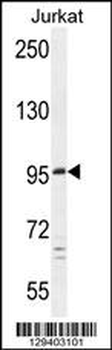 PTCHD4 Antibody (Center)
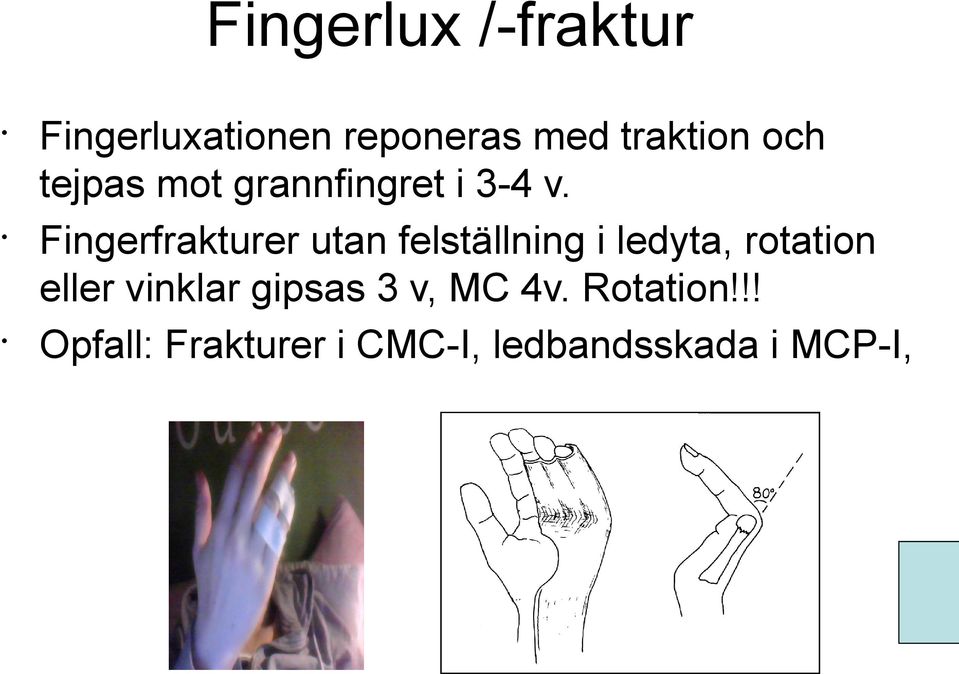 Fingerfrakturer utan felställning i ledyta, rotation eller
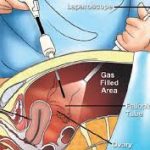 About Laparoscopic Ovarian Cystectomy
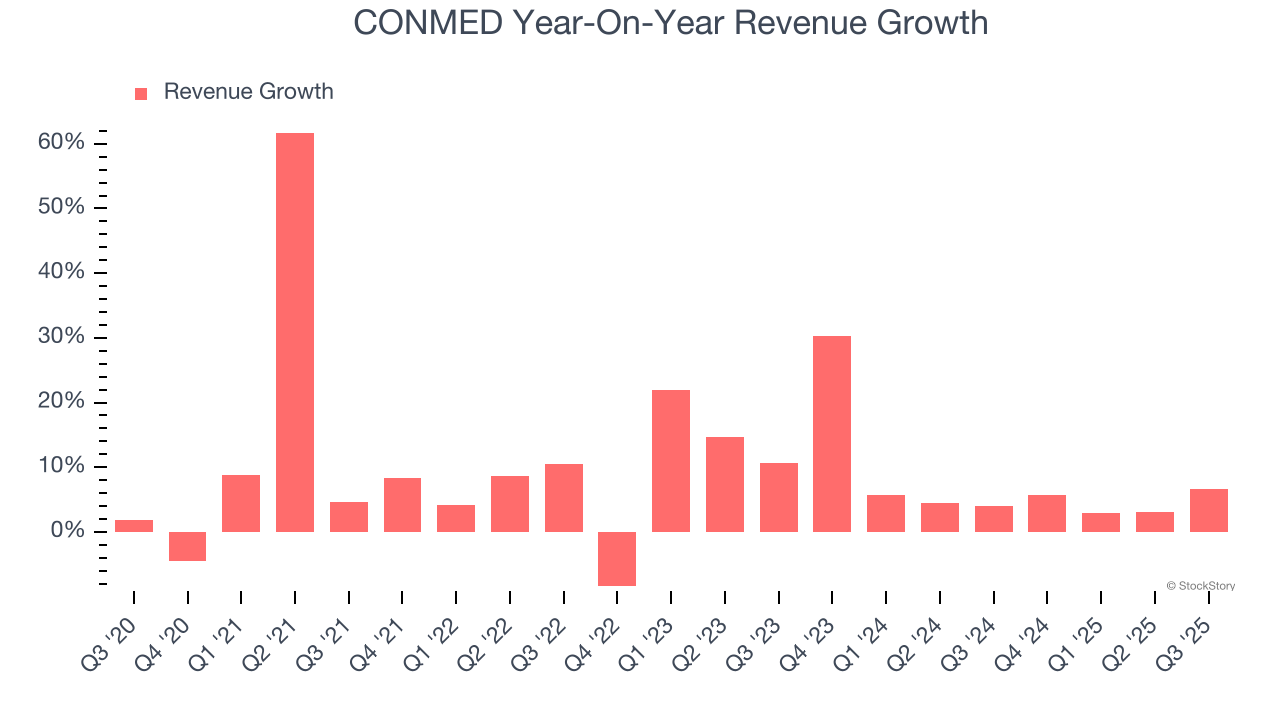 CONMED Year-On-Year Revenue Growth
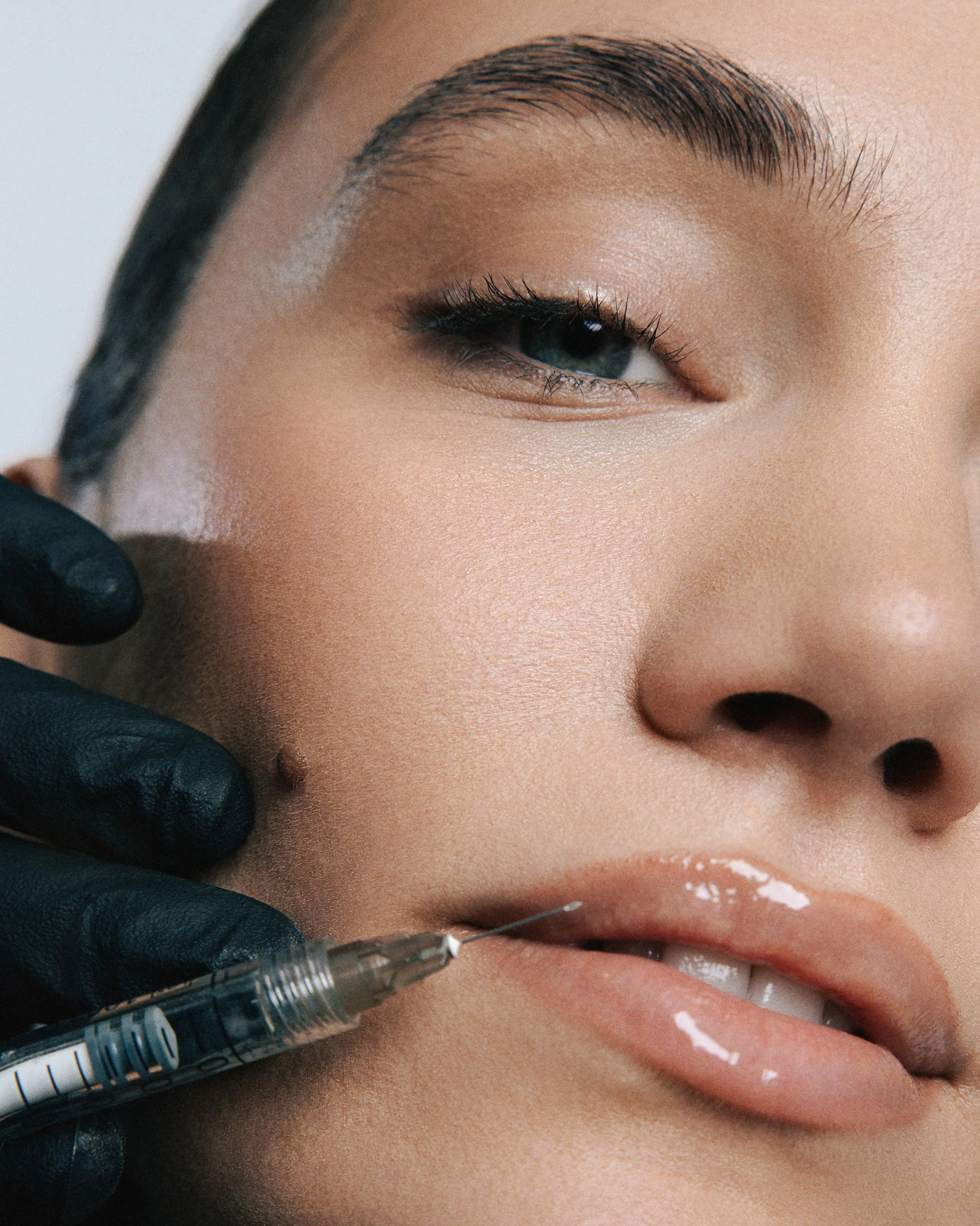 Close-up of a person's face receiving an injectable cosmetic treatment near the lower lip, with a hand in a black glove holding a syringe.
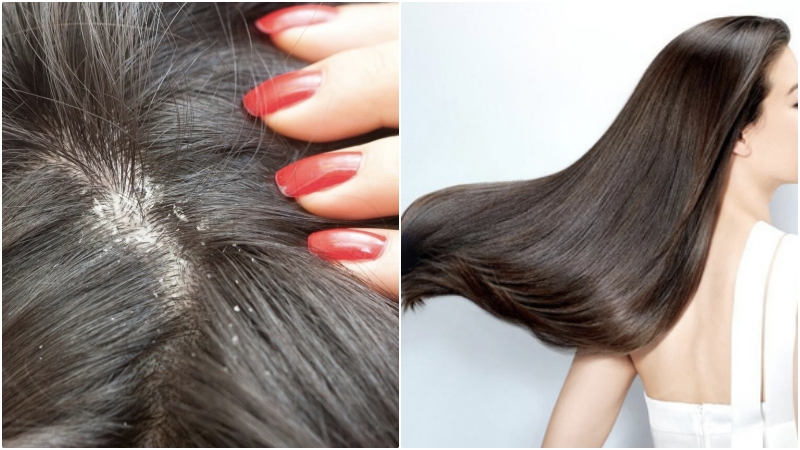 Vỏ bưởi giúp dưỡng tóc, trị gàu và trị rụng tóc, hói đầu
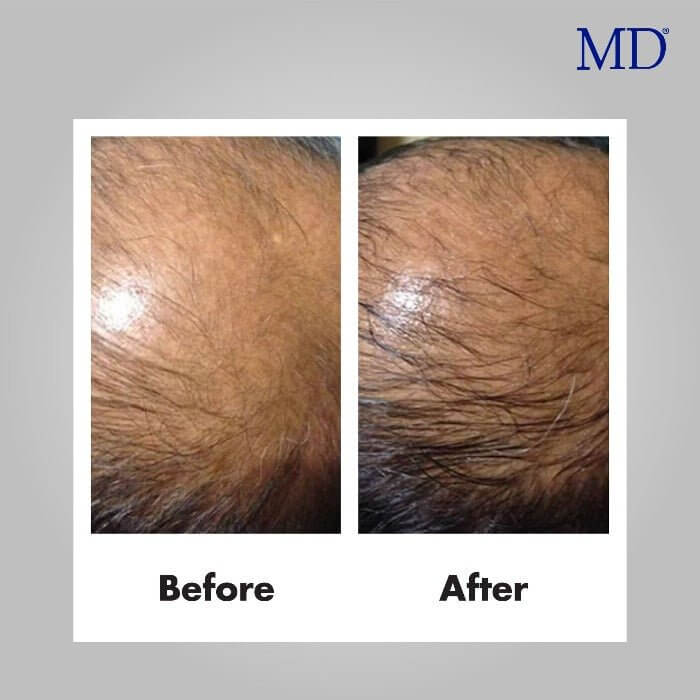 Before and after photo showing reduced oily scalp and visible fine hair growth after using MD Scalp Essential from the MD Hair collection

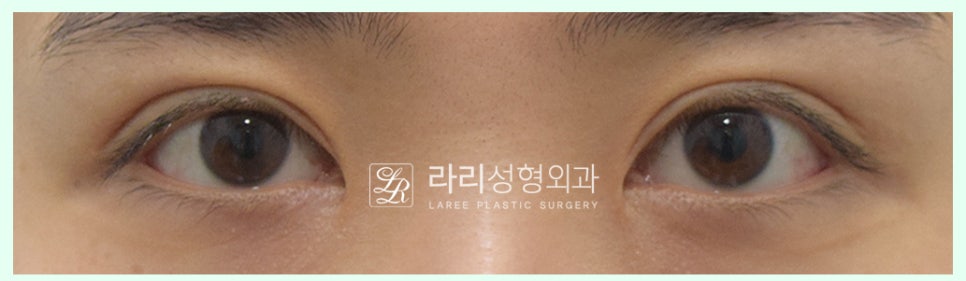 [Lari Plastic Surgery] Removing a Visible Double Eyelid (Double Eyelid Reversal Surgery), From Natural Double Eyelids to Surgical Double Eyelids: A to Z image 5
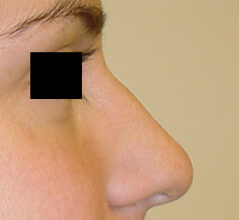 Rhinoplasty before and after - before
-----
Instructions for the task - Could you restate every entry above word for word, leaving out the pictures?

Task answer -
 PTCHD4 Antibody (Center)
 Fingerfrakturer utan felställning i ledyta, rotation eller
 About Laparoscopic Ovarian Cystectomy
 CONMED Year-On-Year Revenue Growth
 Close-up of a person's face receiving an injectable cosmetic treatment near the lower lip, with a hand in a black glove holding a syringe.
 Vỏ bưởi giúp dưỡng tóc, trị gàu và trị rụng tóc, hói đầu
 Before and after photo showing reduced oily scalp and visible fine hair growth after using MD Scalp Essential from the MD Hair collection

 [Lari Plastic Surgery] Removing a Visible Double Eyelid (Double Eyelid Reversal Surgery), From Natural Double Eyelids to Surgical Double Eyelids: A to Z image 5
 Rhinoplasty before and after - before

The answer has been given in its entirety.